Quoi qu’il en soit, le protocole prévoit que certaines dispositions de l’accord sur la JUB n’entreront que provisoirement en vigueur. C’est par exemple le cas de l’article 7, lequel définit l’organisation de la phase de première instance de la juridiction avec ses divisions locales et régionales et sa division centrale à Paris (avec les sections de Munich et de Londres), mais aussi pour les articles 10 à 19, lesquels concernent le greffe, les différents comités administratif, budgétaire et consultatif ainsi que les juges et leur formation. Pareillement, l’article 35 sur le centre de médiation et l’article 41, qui disposent que le règlement de procédure ne sera définitivement adopté par le comité administratif qu’après avis de la Commission européenne. Enfin, il en va de même pour les dispositions relatives aux statuts de la juridiction, et notamment celles relatives aux élections des présidents de la 1re instance et de la Cour d’appel.

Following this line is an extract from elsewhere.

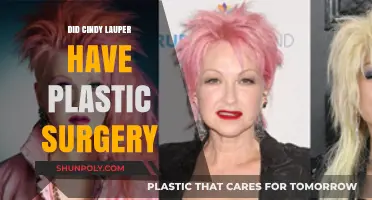 Cindy Lauper's Transformation: Plastic Surgery Rumors and Reality Revealed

Conséquences de la mise en place de la JUB

Nous pouvons nous féliciter de la mise en place d’un tel système qui devrait faciliter l’harmonisation à l’échelle européenne et limiter le forum shopping.

En particulier, il permettra aux Juges français de travailler de concert avec leurs homologues européens et donc de mettre en avant toute la valeur des magistrats français spécialisés en contentieux de la propriété industrielle (et des juridictions d’où ils seront issus). En effet, les décisions françaises demeurent encore trop peu remarquées à l’échelle internationale, alors que nombre de contentieux brevets sont transnationaux. Ce qui est à déplorer eu égard à la qualité desdites décisions : une simple comparaison avec celles de leurs homologues européens suffit à s’en convaincre. De plus, nous pouvons escompter un mouvement d’harmonisation du droit européen des brevets.

Toutefois, quelques réserves et questions demeurent. C’est un système complexe, notamment du fait de la distinction entre brevets européens et brevets européens à effet unitaire. Cet effet unitaire aura en outre un coût, puisqu’il impliquera la mise en œuvre de nombreux frais importants pour défendre des brevets européens à effet unitaire devant la Cour : nous pouvons ici nous interroger plus particulièrement sur la capacité des PME et autres start-up à devenir des acteurs de ce système, mais aussi sur leur possible vulnérabilité face à de telles actions « européennes » d’acteurs internationaux non négligeables.

Cette complexité d’ensemble ainsi que le coût du contentieux devant la JUB — plus particulièrement pour les PME et pour les start-up — pourrait, paradoxalement, renforcer l’attractivité du système national de règlement des litiges au bénéfice d’un brevet français dont la valeur a été renforcée par la loi PACTE, créant ainsi une concurrence inattendue au système européen à venir. Il faudra alors, sans doute, comme le préconisent de nombreux praticiens, finaliser ce qui a été commencé avec la loi PACTE : la France devrait pouvoir être directement désignée ou élue lors des phases nationales des demandes internationales selon le PCT (« Patent Cooperation Treaty » qui permet des dépôts à l’échelle internationale).

Enfin, l’impact du Brexit sur le sort de la JUB constitue également une interrogation importante quid de l’impact de la sortie d’un tel acteur des contentieux européens hors de l’Accord ? Où sera répartie la section qui devait se situer outre-Manche ? En France ou en Allemagne (où se situent déjà respectivement le siège et une section) ou ailleurs ?

Il nous semble qu’une centralisation des divisions à l’échelle du siège, en France, serait la solution la plus pragmatique (en facilitant le traitement des litiges) et la plus logique dès lors que les organes les plus importants de l’Office européen des brevets se situent en Allemagne et que la France constitue le second marché européen.

Gageons donc que la Présidence française de l’Union donnera au Gouvernement français l’inspiration suffisante pour encourager une telle centralisation.